▸ **What you will do**
The required output is the lines below from the line containing "Jouet Interactif Chat" to the line containing "A male and female", inclusive, retyped exactly. No other lines belong in it.

▸ **Exercise data**
-=-=-=-=-

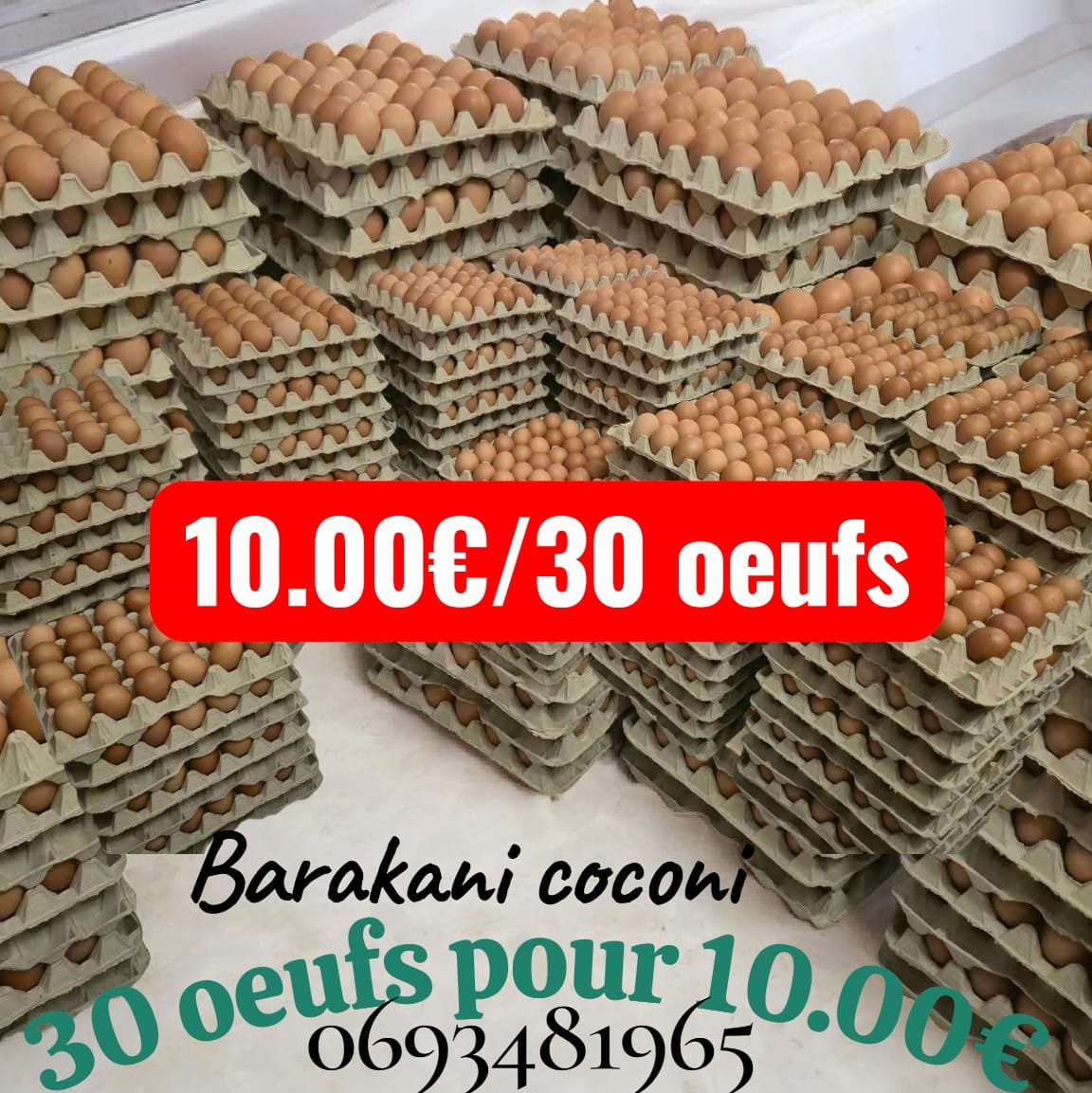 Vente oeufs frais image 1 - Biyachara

-=-=-=-=-

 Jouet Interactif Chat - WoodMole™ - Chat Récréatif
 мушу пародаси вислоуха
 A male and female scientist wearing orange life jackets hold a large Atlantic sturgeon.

-=-=-=-=-

▸ **Result of the task**
 Jouet Interactif Chat - WoodMole™ - Chat Récréatif
 мушу пародаси вислоуха
 A male and female scientist wearing orange life jackets hold a large Atlantic sturgeon.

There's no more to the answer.